Le mari se dirigea vers la chambre. Une panique froide s’élargissait dans sa poitrine. La pièce semblait intacte à première vue… jusqu’à ce qu’il aperçoive le lit. Les couvertures n’étaient pas comme il les avait laissées. Et sur l’oreiller reposait quelque chose qui l’anéantit.
Le pyjama de sa femme.
Celui qu’elle emportait toujours en déplacement.
Déposé là, soigneusement étalé.
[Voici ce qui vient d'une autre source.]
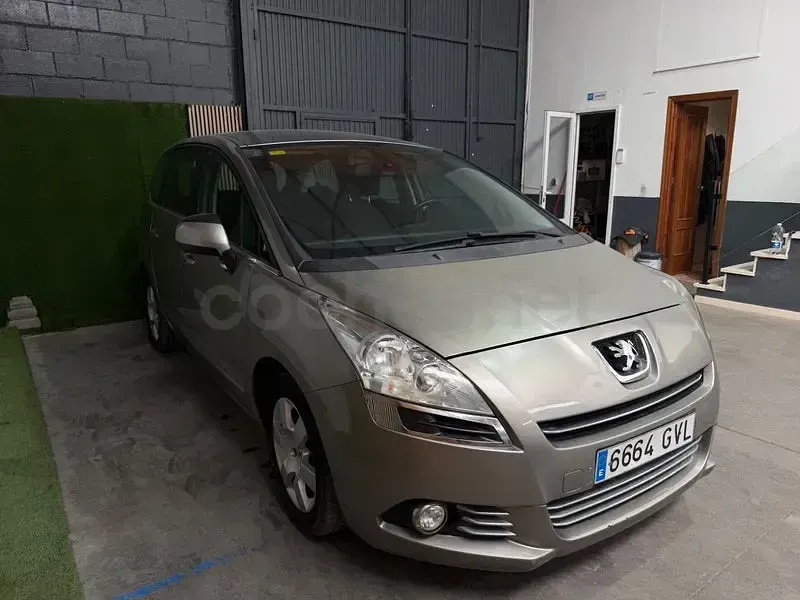 Usado Peugeot 5008 Premium 110 CV (80 kW) 2010 Beige Monovolumen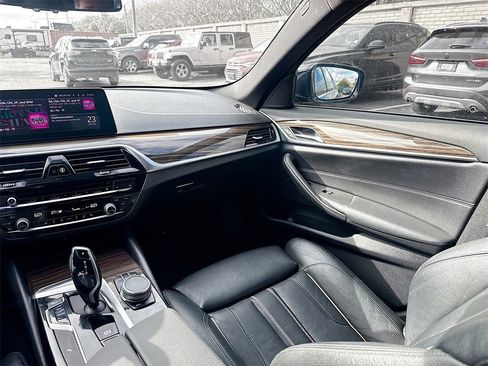 Used 2020 BMW 530i w/ Convenience Package image 26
Comme si elle venait tout juste de l’enlever.
— Non… ce n’est pas possible… murmura-t-il.
À ce moment-là, un bruit discret retentit dans le couloir. Un clic. Un léger craquement. Un son trop réel pour n’être qu’une illusion. Il se précipita vers le dressing et ouvrit brutalement la porte.
Vide.
Mais la senteur de sa femme flottait encore dans l’air. Forte. Trop fraîche pour dater d’il y a plusieurs heures.
— Je veux partir, dit soudain l’amante, la voix tremblante. Je ne reste pas ici.
Il ne l’écoutait plus.
Ses yeux venaient de se poser sur le miroir du dressing. Et ce qu’il y lut faillit lui faire tomber le téléphone des mains.
Sur la surface du miroir, écrit avec un rouge à lèvres écarlate, se trouvait un message :
« Tu pensais vraiment que je n’allais rien découvrir ? »
Il sentit ses jambes devenir lourdes, comme s’il pouvait s’effondrer d’un moment à l’autre. Les battements de son cœur résonnaient dans ses oreilles.
Puis il remarqua un autre détail.
Sur la table de nuit, posé bien en évidence, il y avait un téléphone. Celui de sa femme. Celui qu’elle avait rangé dans son sac avant de partir. Il le savait. Il l’avait vu.
Il saisit l’appareil. L’écran s’alluma immédiatement.
La photo d’accueil le frappa comme une gifle.
Un selfie.
Sa femme, assise sur leur lit, dans la même chambre.
Le même décor.
La même couverture.
Pris ce soir.
Horodatage : 19 h 32.
Il regarda l’heure sur son propre téléphone.
19 h 59.
— Elle était ici… il y a moins de trente minutes… souffla-t-il.
Un frisson le traversa.
Puis une notification apparut à l’écran.
« Galerie : nouvelle vidéo. »
Ses mains tremblaient lorsqu’il appuya sur lecture.
La vidéo commençait par la porte d’entrée qui s’ouvre doucement.
On voyait sa femme entrer avec son valise.
Elle posait ses affaires, allumait les lampes, préparait la table.
Elle souriait.
Un sourire calme. Trop calme.
Elle s’approcha de la caméra et murmura :
« Si tu regardes ceci… alors je suis déjà loin.
Mais sache une chose…
Je vois tout. »
La vidéo s’arrêta.
Et au même moment…
La poignée de la porte d’entrée se mit à tourner.
Lentement.
Délibérément.
Comme si la personne de l’autre côté savait exactement qu’ils étaient là.